In every part of this world, there are people who know how to destroy other human beings. Their victims often live with the trauma, and we don't do much to help.
Actually, it is much worse than that. Most times, without knowing it, we victimize these survivors people and compound their psychological trauma.
Narcissists, Psychopaths, And Sociopaths Know How To Destroy Other People
Today, thousands of people in the world live their lives as their victims, not knowing how to dig themselves out of the situation and live normal lives.
But though they got away from these toxic people, they continue to suffer secondary abuse from their loved ones, therapists, and even law enforcers.
The society comes together to invalidate their trauma and add to it.
But we should give these people support so they can get their lives back. At least that's our intention. But instead, we gaslight them. This makes it harder for them to heal.
Some Of Us Even Blame These Victims And Shame Them
There are even those who will deny that these people went through this kind of pain.
Deep down, we are good people and we mean well.
The way we associate with gaslighting survivors needs to change.
We Hurt These People For Lack Of Knowledge
We might unknowingly lead them to personal ruin. Some therapists will even misdiagnose narcissist, sociopath, and psychopath victims and convince them they have PTSD.
We need to understand where these people are coming from. The people who abused them and caused them all this pain were devoid of empathy and remorse. They should not get the same treatment from us.
Here's how we can help.
1. Don't Call It A Bad Breakup
Because it's not, the person did not end up as they did because there were compatibility issues. Being a victim of narcissists, psychopaths and sociopaths is not normal. And we should stop treating it like it is.

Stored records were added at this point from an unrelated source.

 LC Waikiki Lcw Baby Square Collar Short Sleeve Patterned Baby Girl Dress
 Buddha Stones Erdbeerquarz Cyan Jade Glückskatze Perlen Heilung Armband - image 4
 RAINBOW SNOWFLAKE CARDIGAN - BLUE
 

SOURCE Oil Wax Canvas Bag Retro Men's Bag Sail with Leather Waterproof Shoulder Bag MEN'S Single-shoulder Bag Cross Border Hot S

These people came face to face with human predators. They were exploited and used when all they wanted was to share the best of themselves with a fellow human being.

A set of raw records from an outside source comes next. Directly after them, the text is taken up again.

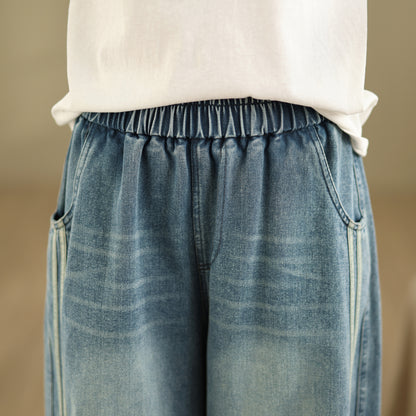 Women's Jeans Elastic Waist Wide Leg Denim Pants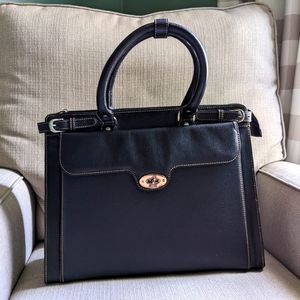 Leather Briefcase Tote Bag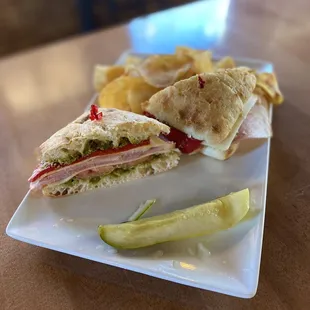 Ham and Pesto Sammie with Homemade Chips.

The people who abused them were not just being difficult or incompatible. They were out to hurt their partners because it served their personal interests and that's all they ever cared about.

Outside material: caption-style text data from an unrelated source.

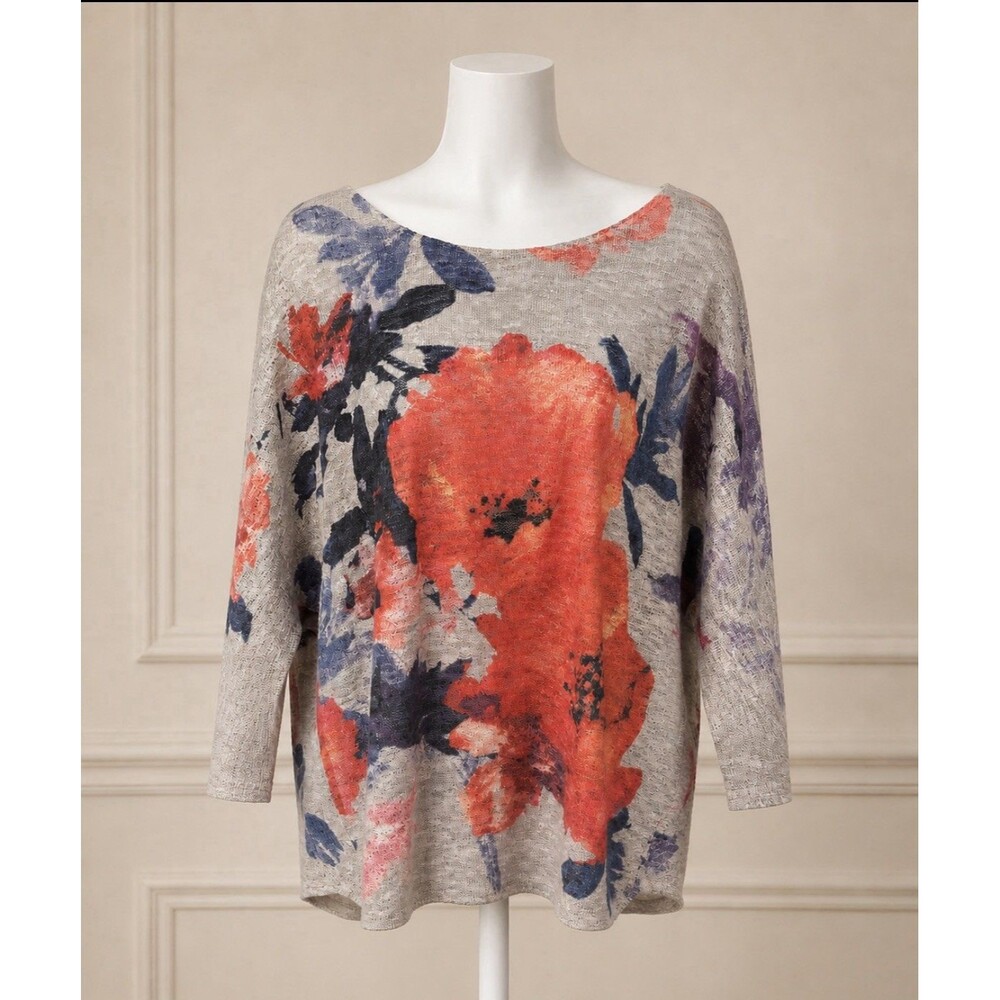 Westport 2X Floral Lightweight Knit Sweater Boat Neck 46” Bust 26” Length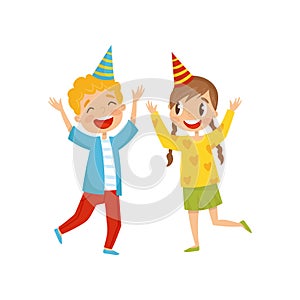 Cute girl and boy in party hats having fun at birthday party cartoon vector Illustration on a white background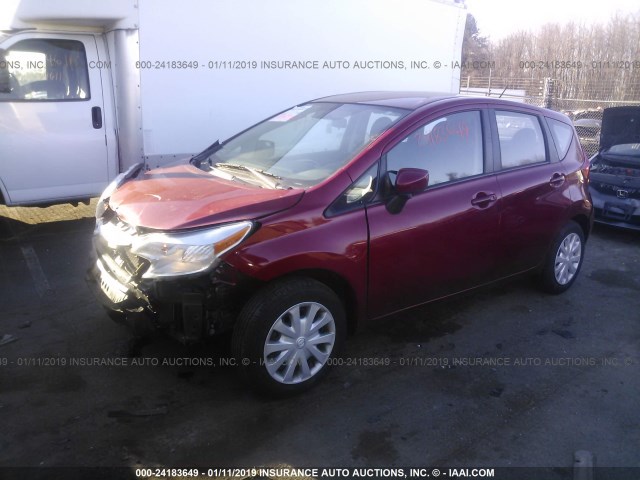 3N1CE2CP0FL426112 - 2015 NISSAN VERSA NOTE S/S PLUS/SV/SL/SR RED photo 2
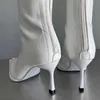 ファッションセクシーなパテントレザー膝の上のスリムヒールチェルシーブーツ女性ポインド縫製ジッパーブーツパーティーポールダンス230922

So, the problems these people went through should not be minimized. Their pain is very real.
2. Making The Victims Feel Guilty
Many loved ones and law enforcers wonder why the abuse victims are reluctant to press charges. But how could they? They were in love with their abusers. There was a deep emotional connection that makes suing them one of the hardest things ever.
When we do not convince the victims to press charges, we often make them feel guilty. For instance, we might tell them that the next person who suffers at the hands of their former abusers is their responsibility. That is not fair, and it only adds to their pain and trauma.
Also, telling them, they should have gotten over the trauma by now makes them feel guilty and forces them to hide their pain, which hampers their healing.
3. Asking Them To Heal Quickly
We all heal at different paces. And yes, some people can heal quickly. But others need to take their time, especially people who have been victims of abuse for much longer. These people need to get their minds right once more after suffering a distorted sense of reality for so long.
It's not that these people cannot "let go" and "move on." Understand that the pain they feel is still very deep.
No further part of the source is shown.